=== Begin Enclosure ===

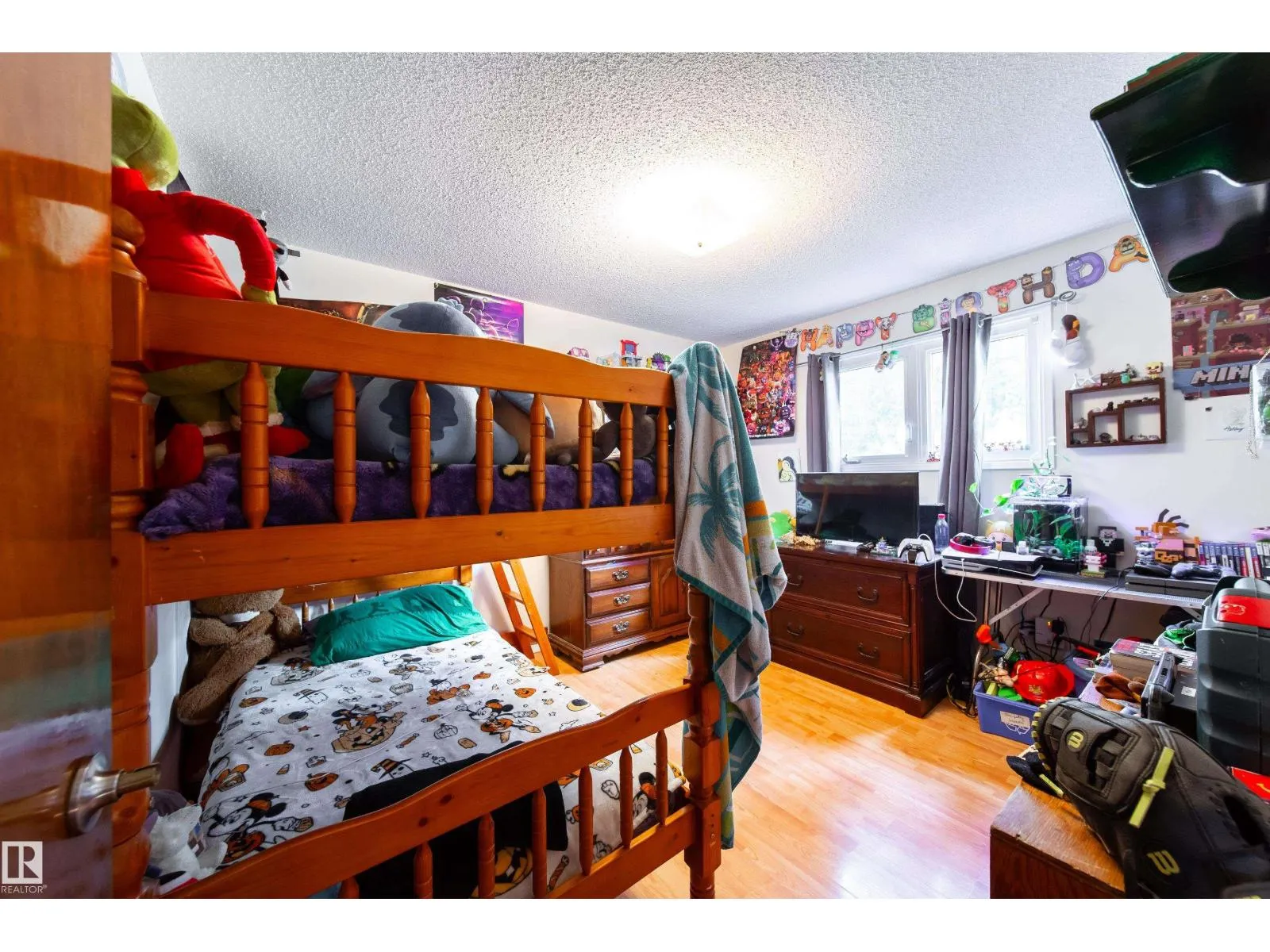 3119-3121 113 AV NW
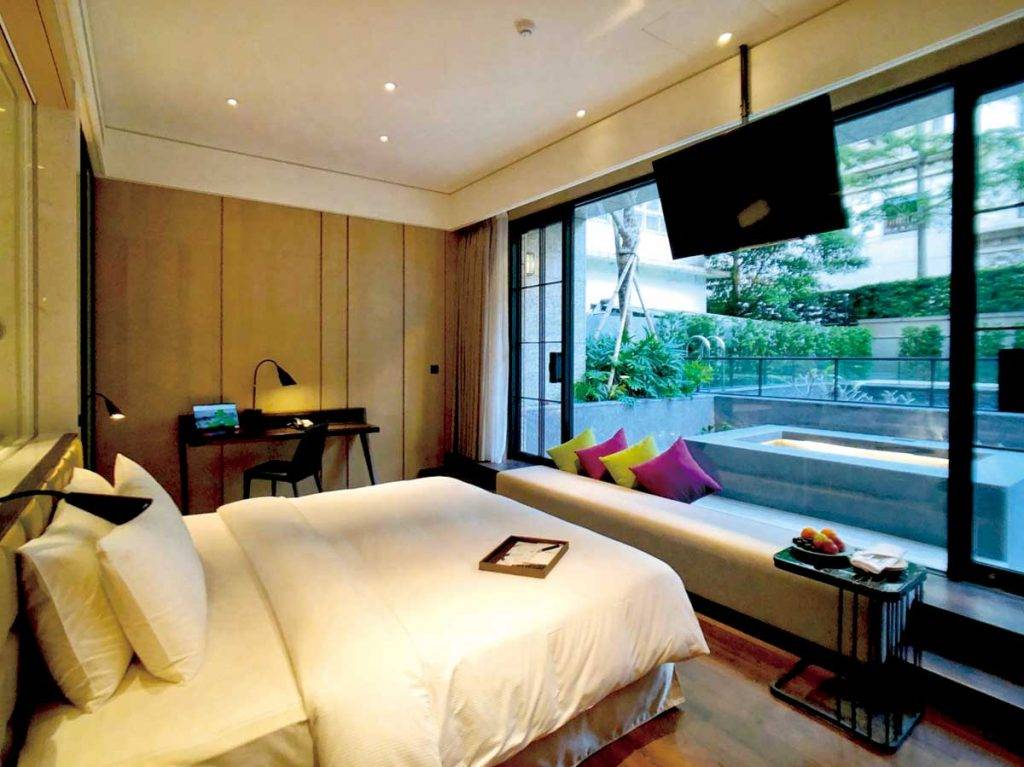台灣新酒店 「別墅」級的房種，面積超過900呎，更設有露天 jacuzzi。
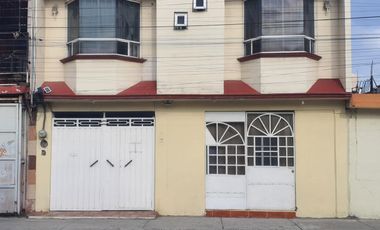 EXCELENTE CASA DE 2 NIVELES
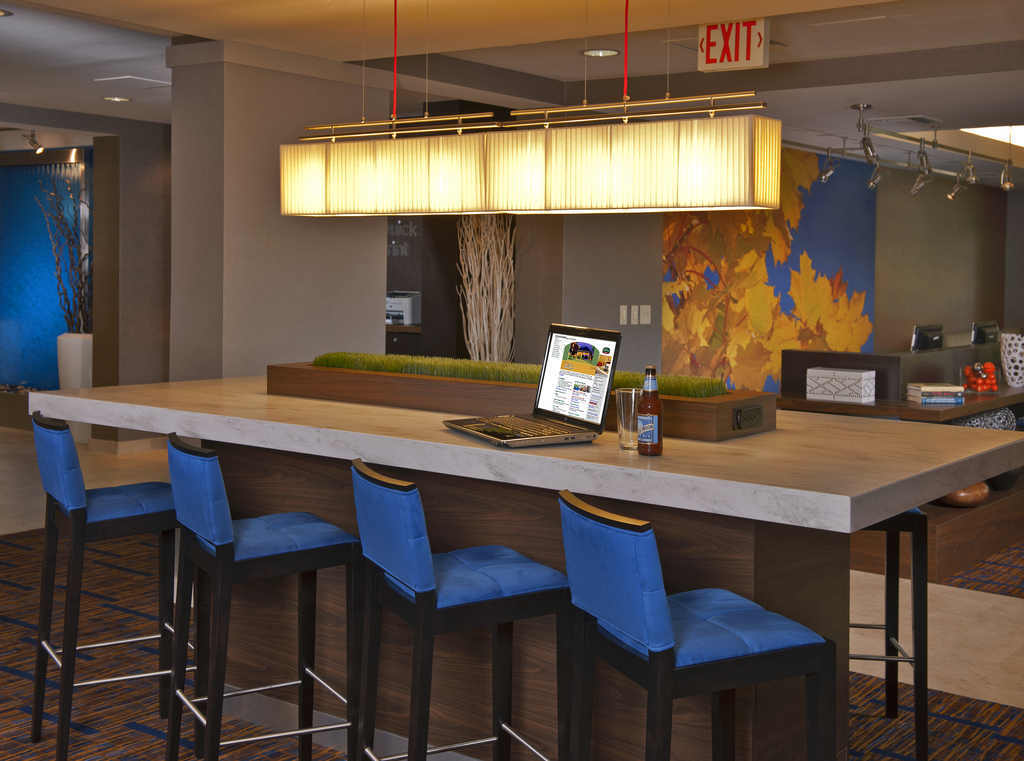 Courtyard By Marriott Miami Mall Hotel Aventura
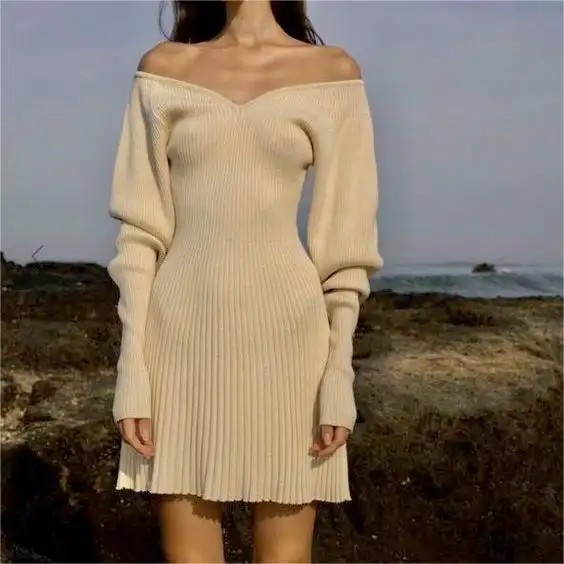 2024 nuevo personalizado europeo acanalado tejido Sexy fuera del hombro mujeres Mini vestidos de suéter plisado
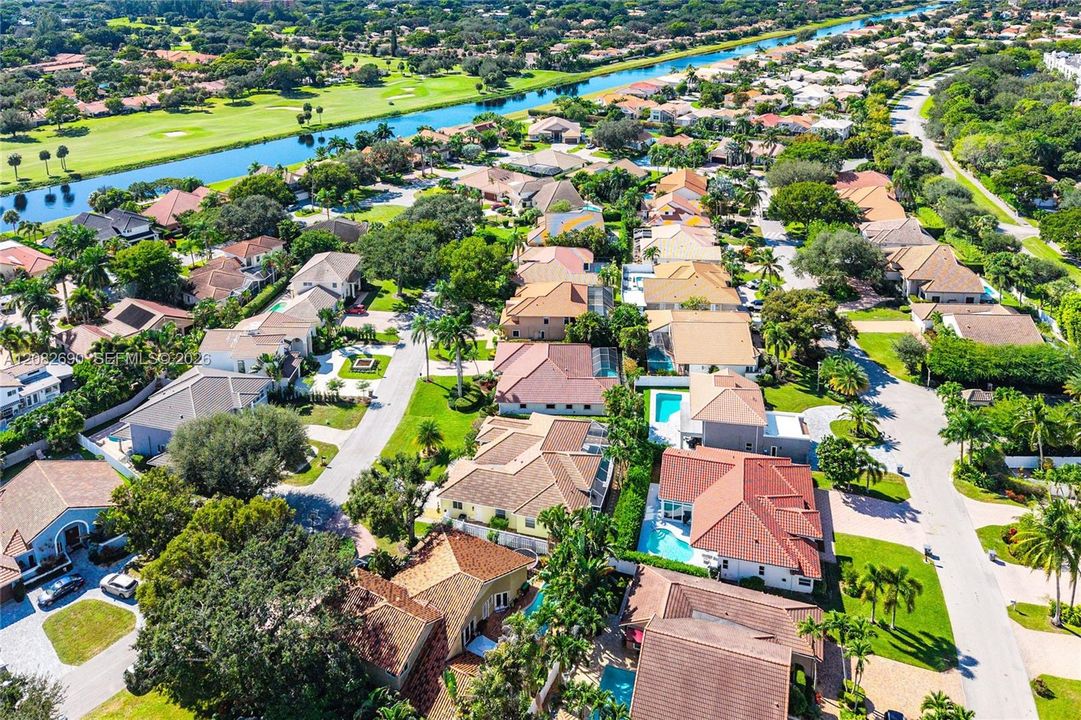 Activo con contrato: $945,000 (4 camas, 2 baños, 2360 Pies cuadrados)
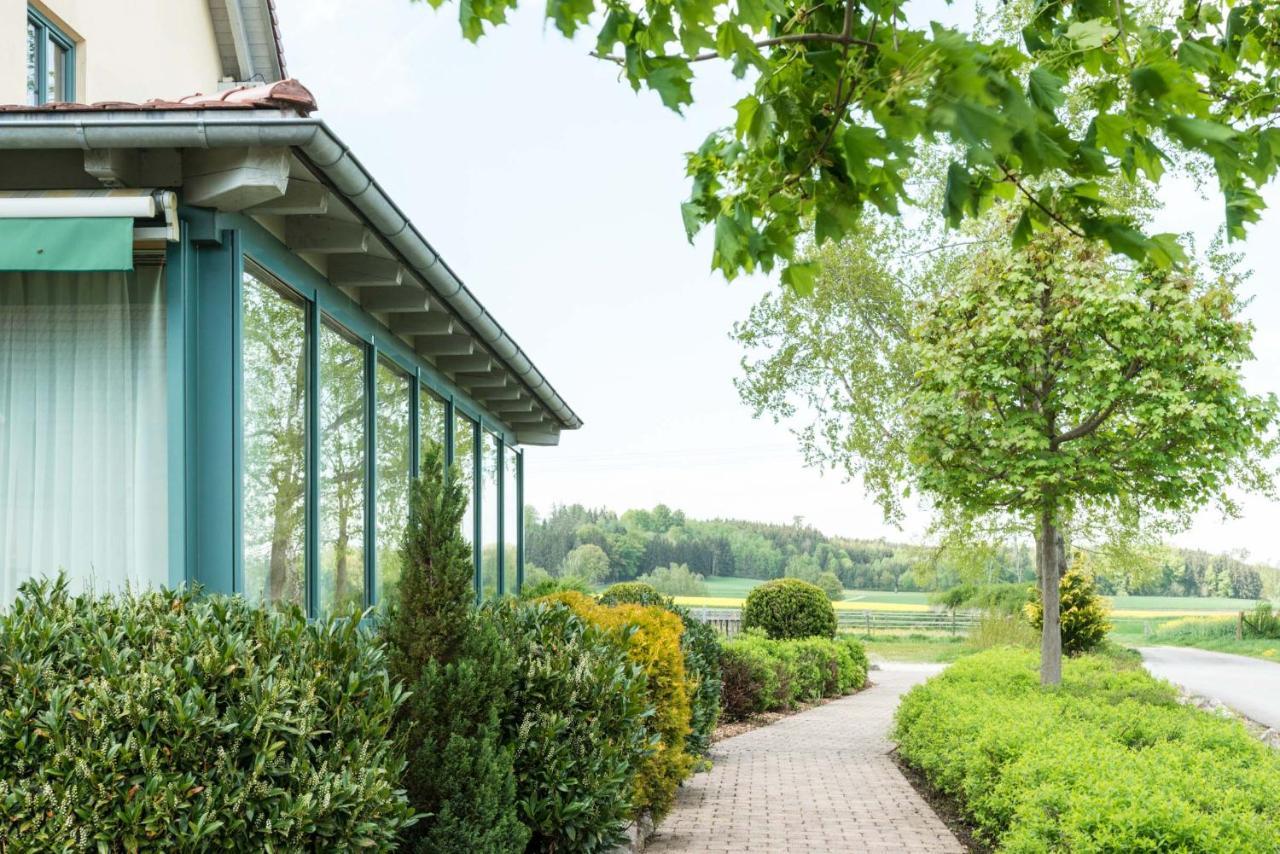 Bett'N Glueck - Uebernachtung & Fruehstueck Bed & Breakfast Zusmarshausen Exterior photo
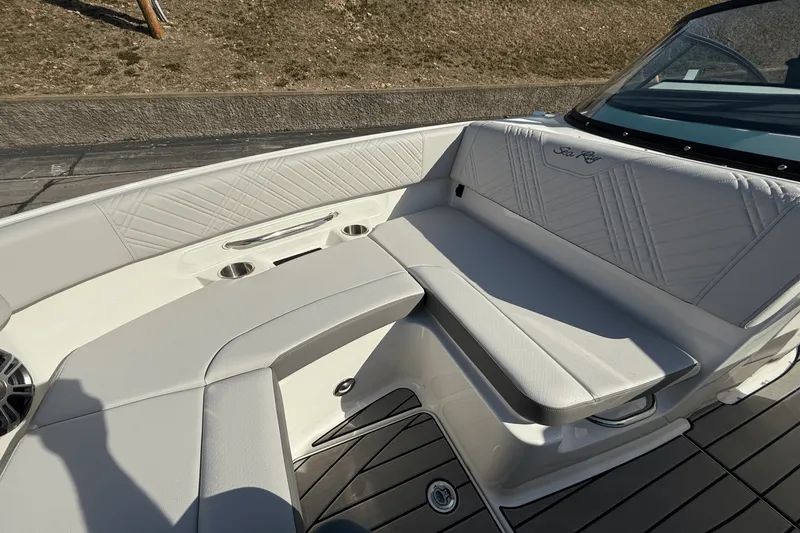 Slide: The Image of Sea Ray 250 SDX 2025 - 23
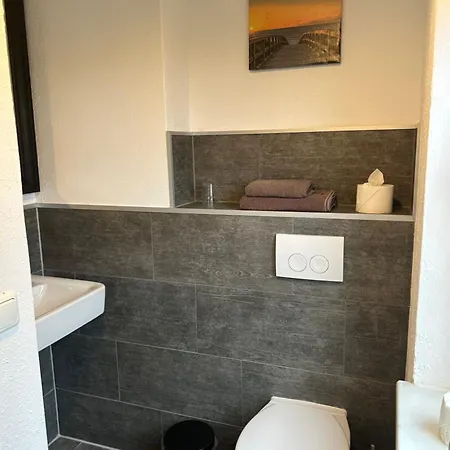 ゲストハウス Gaestehaus Kleiner Wacholder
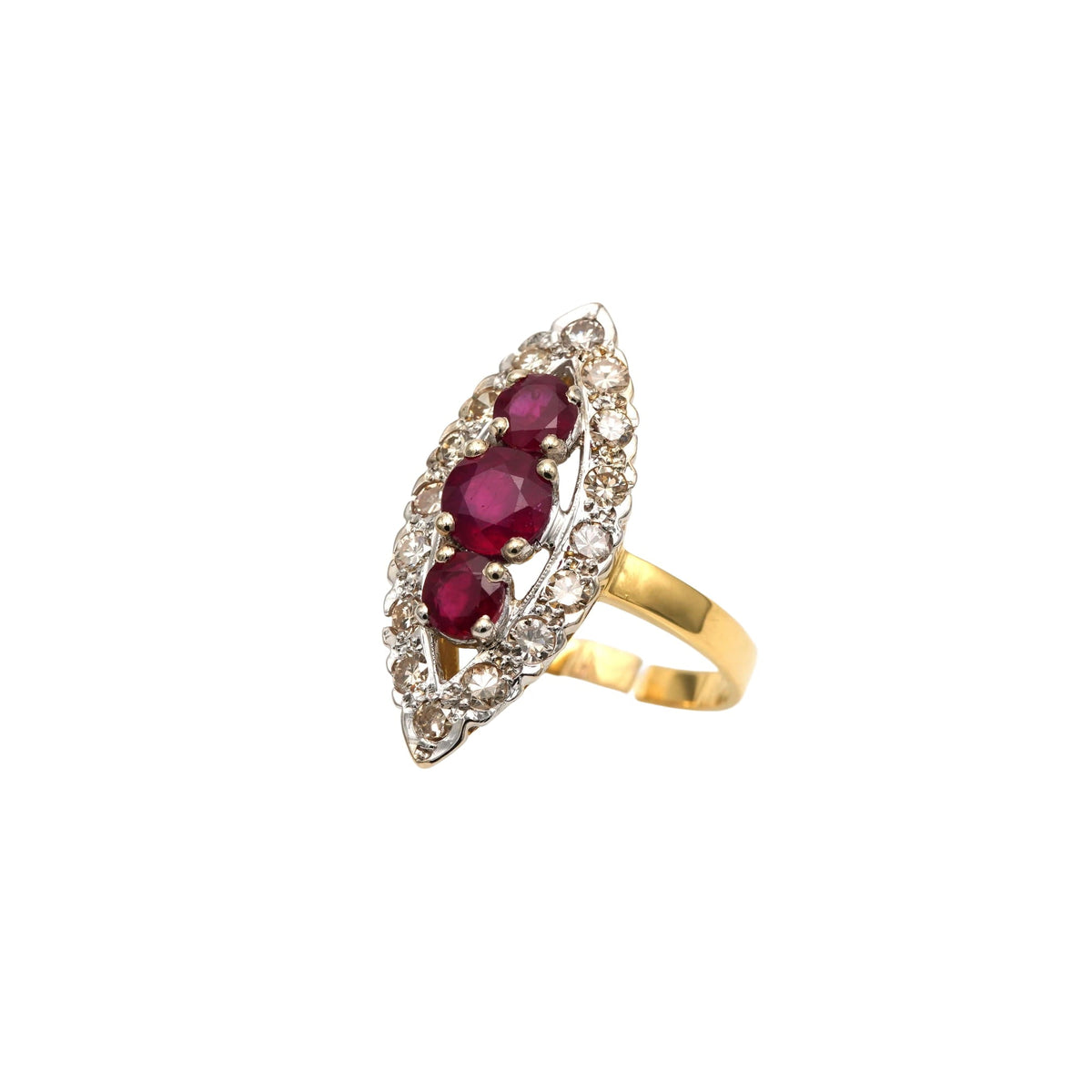 Bague Marquise en or blanc, or jaune, rubis et diamants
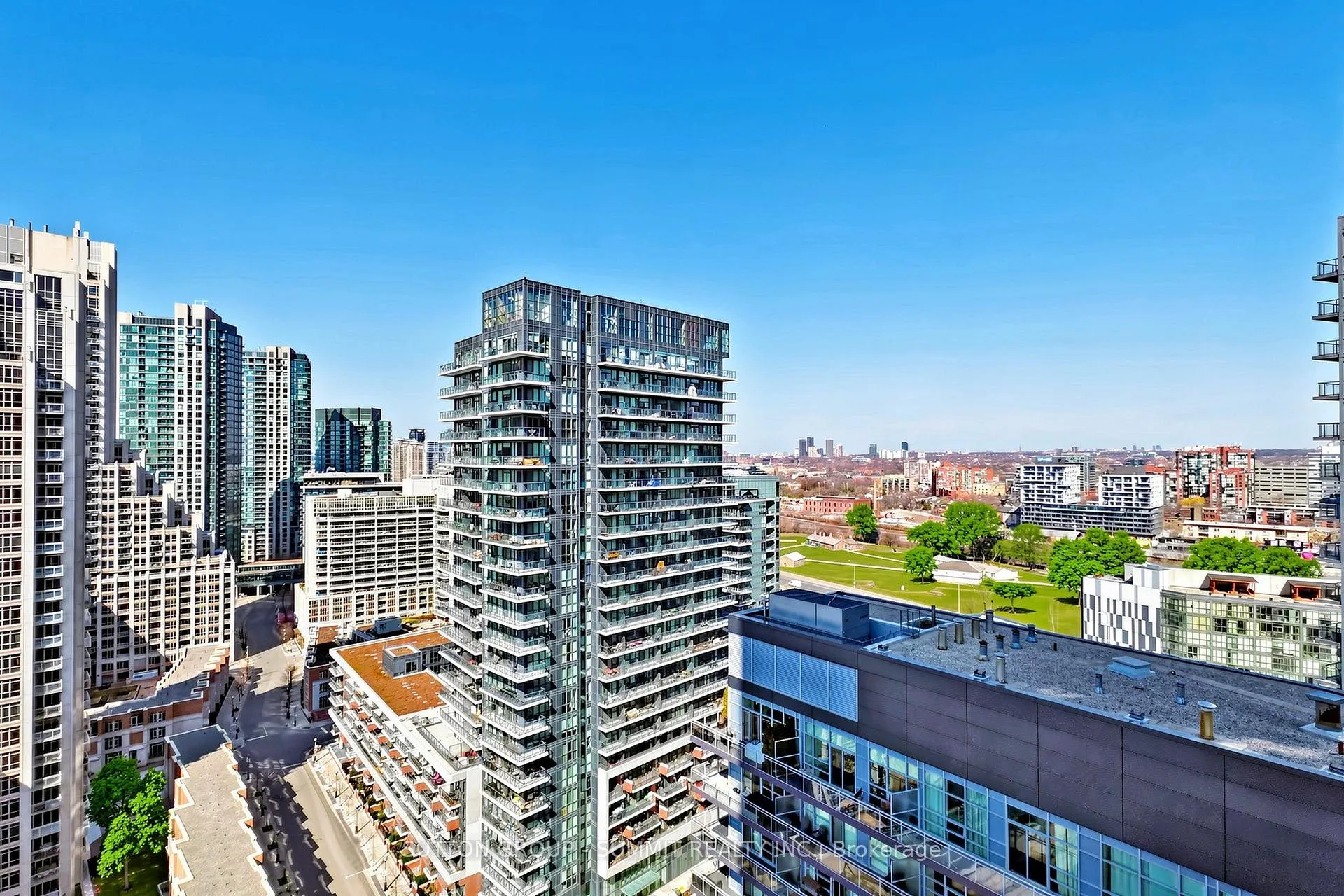Photo 16 of Unit 2209, 600 Fleet Street, Toronto, Niagara — HOMEH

=== End Enclosure ===

Problem »
Reproduce the listing above from the line that holds "台灣新酒店 「別墅」級的房種，面積超過900呎，更設有露天 jacuzzi。" through the line that holds "ゲストハウス Gaestehaus Kleiner Wacholder", both included, with the pictures left out.

The answer »
台灣新酒店 「別墅」級的房種，面積超過900呎，更設有露天 jacuzzi。
 EXCELENTE CASA DE 2 NIVELES
 Courtyard By Marriott Miami Mall Hotel Aventura
 2024 nuevo personalizado europeo acanalado tejido Sexy fuera del hombro mujeres Mini vestidos de suéter plisado
 Activo con contrato: $945,000 (4 camas, 2 baños, 2360 Pies cuadrados)
 Bett'N Glueck - Uebernachtung & Fruehstueck Bed & Breakfast Zusmarshausen Exterior photo
 Slide: The Image of Sea Ray 250 SDX 2025 - 23
 ゲストハウス Gaestehaus Kleiner Wacholder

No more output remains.